> **DIRECTIONS FOR THIS TASK**
From the very first line of the data to the line containing "Butik 5 Kombucha EKO 370 ml", retype everything exactly, leaving the pictures behind.

*** Opening DATA EXTRACTS ***

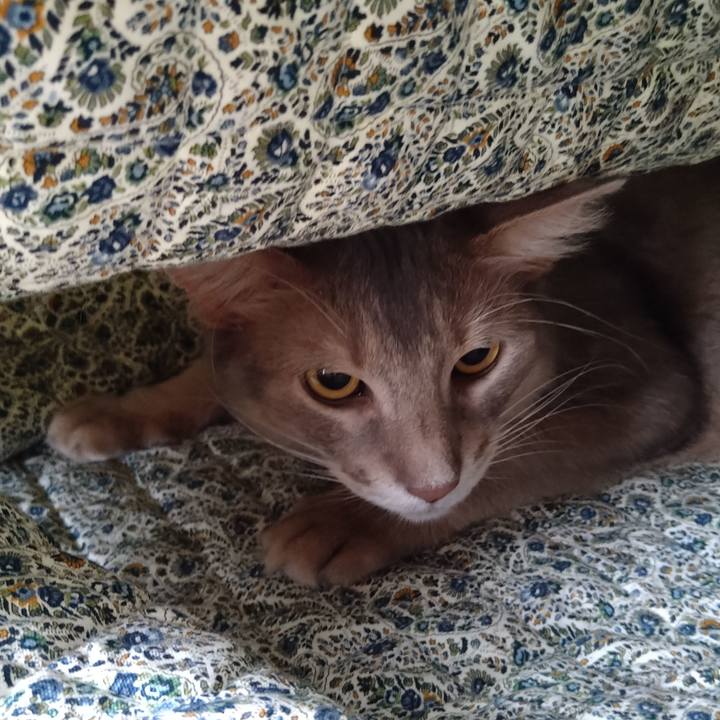 9d49b86b 621b 4ba2 bef8 003b8457c95a 1619782458091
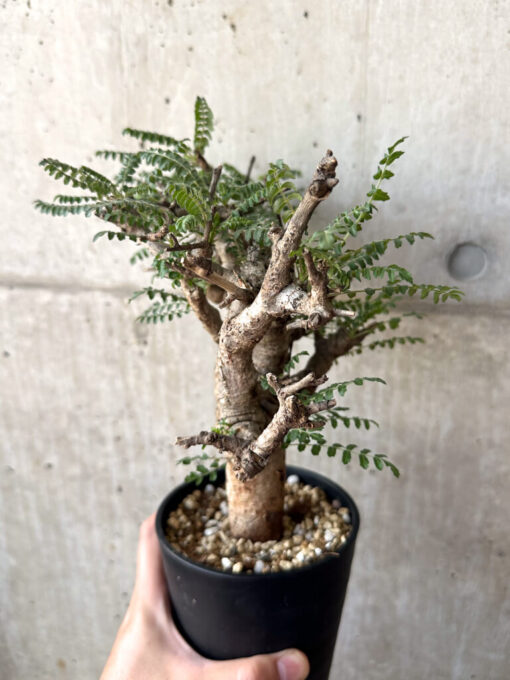 【現品限り】ボスウェリア・ネグレクタ 現地株 発根済み 2ヶ月管理【AA38】 Boswellia neglecta【植物】塊根植物 夏型 コーデックス - 画像 (5)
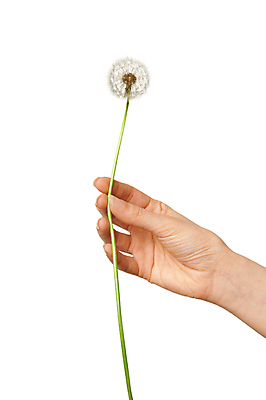 포토 JPG 해외이미지 식물 손 꽃 줄기 손가락 자연 바람 휴식 씨앗 사람 사람없음 공중 초록색 여름 빛 머리 침묵 봄 자유 성장 벚꽃 흰색 자녀 시골 잡기 수분 민들레 불기 허브 오브젝트 생물학 부드러움 소원 솜털 여의주 타격 해외202004 해외포토 자연요소 계절 교육 컬러 컨셉 모션 날씨 신체부위 소리 감각 생태계 파일형식 이미지허브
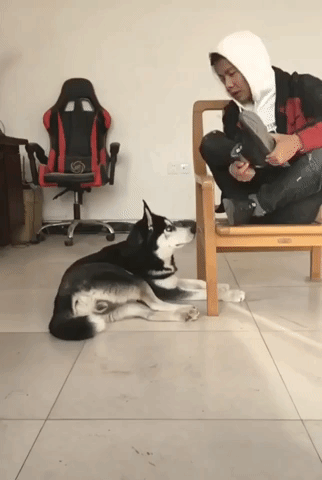 Dog Teaches Hooman To Put Legs Over Head Cute Funny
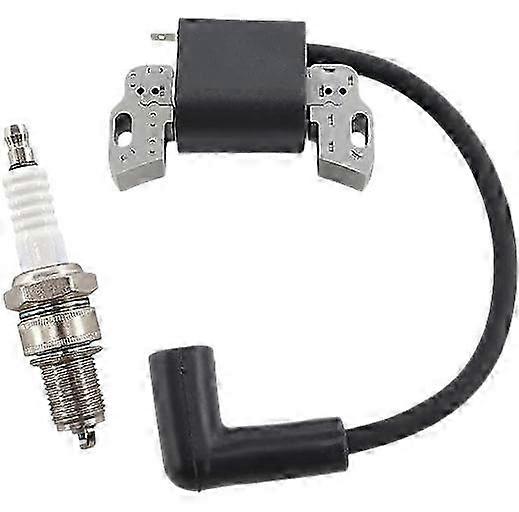 Lawn Mower Ignition Replacement Set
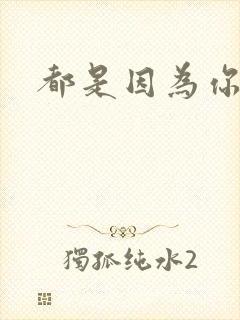 都是因为你歌词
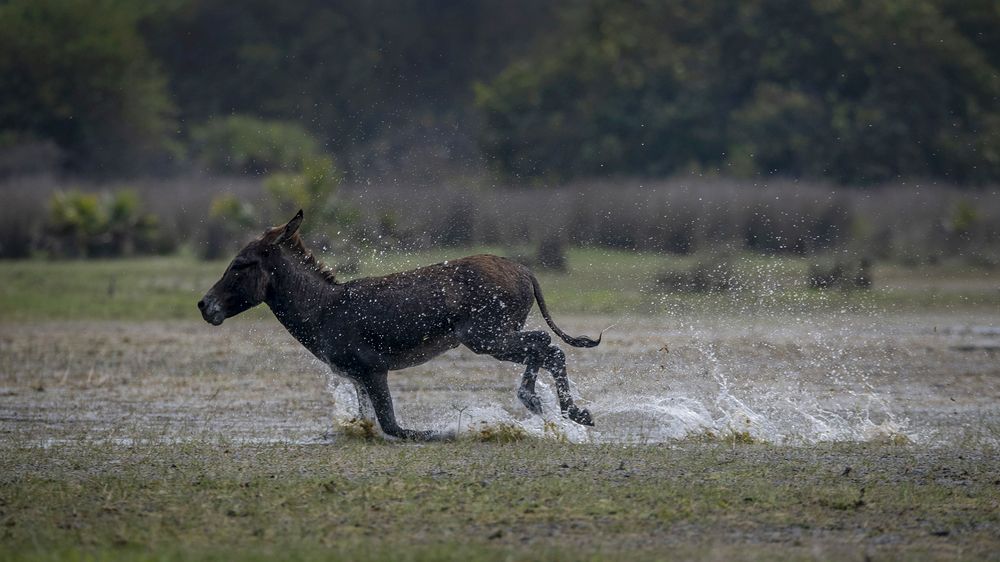 Photograph by Kumara Senanayake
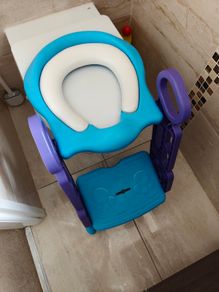 Potty training ladder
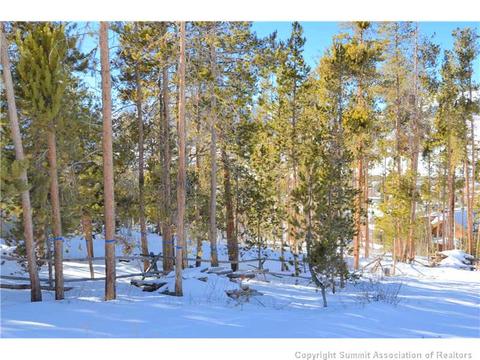 99 Forest Canyon Rd, Dillon, CO 80435 photo 14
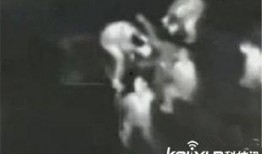 俄国最新爆料事件视频,揭秘事件背后惊人真相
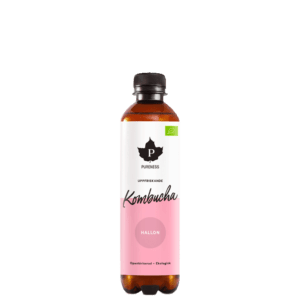 Butik 5 Kombucha EKO 370 ml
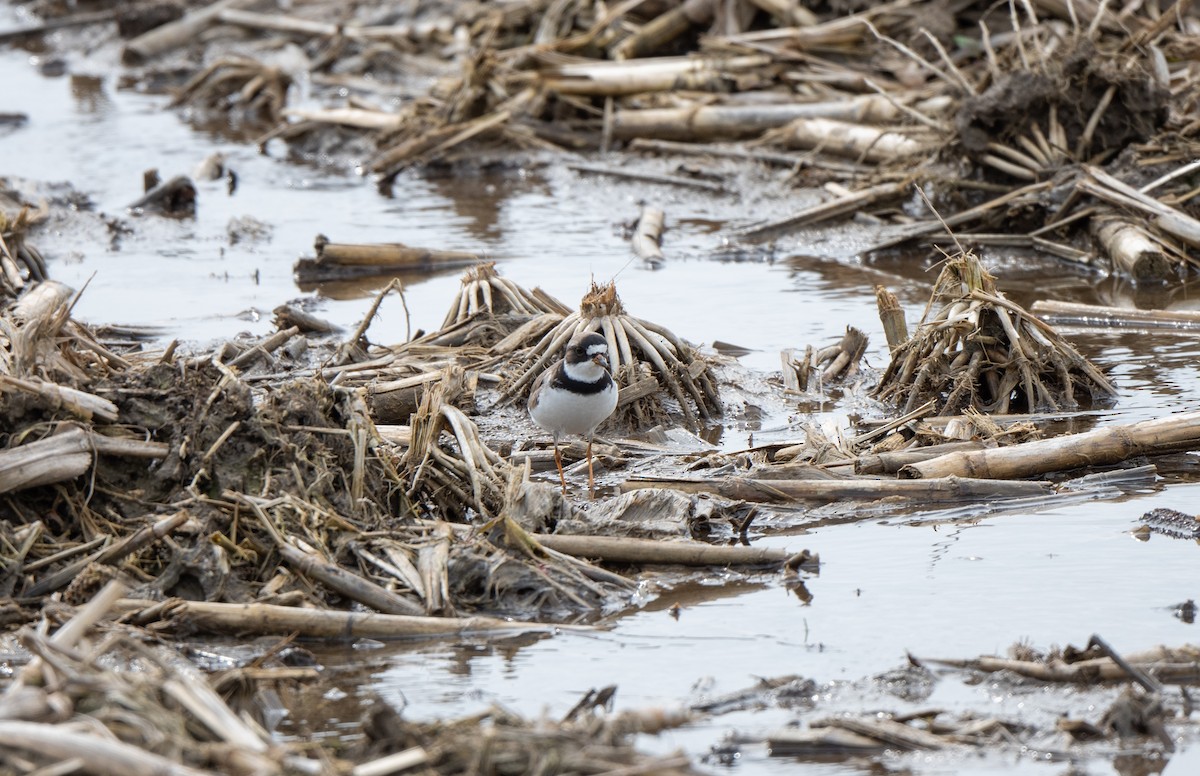 Semipalmated Plover - ML619087675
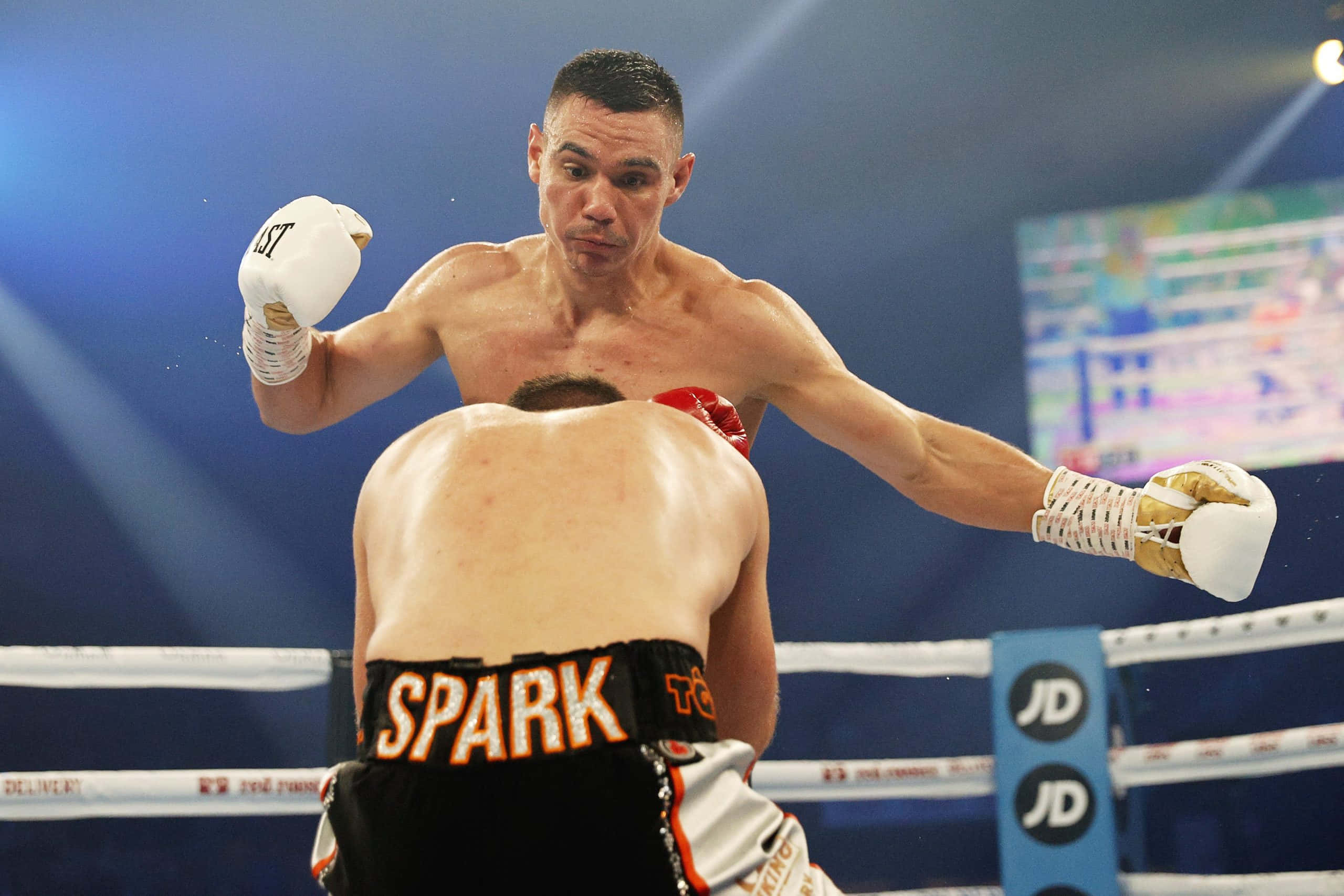 Tim Tszyu, white gloves, brightly lit ring, 2K Desktop Wallpaper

*** Closing DATA EXTRACTS ***

> **WRITTEN ANSWER**
 9d49b86b 621b 4ba2 bef8 003b8457c95a 1619782458091
 【現品限り】ボスウェリア・ネグレクタ 現地株 発根済み 2ヶ月管理【AA38】 Boswellia neglecta【植物】塊根植物 夏型 コーデックス - 画像 (5)
 포토 JPG 해외이미지 식물 손 꽃 줄기 손가락 자연 바람 휴식 씨앗 사람 사람없음 공중 초록색 여름 빛 머리 침묵 봄 자유 성장 벚꽃 흰색 자녀 시골 잡기 수분 민들레 불기 허브 오브젝트 생물학 부드러움 소원 솜털 여의주 타격 해외202004 해외포토 자연요소 계절 교육 컬러 컨셉 모션 날씨 신체부위 소리 감각 생태계 파일형식 이미지허브
 Dog Teaches Hooman To Put Legs Over Head Cute Funny
 Lawn Mower Ignition Replacement Set
 都是因为你歌词
 Photograph by Kumara Senanayake
 Potty training ladder
 99 Forest Canyon Rd, Dillon, CO 80435 photo 14
 俄国最新爆料事件视频,揭秘事件背后惊人真相
 Butik 5 Kombucha EKO 370 ml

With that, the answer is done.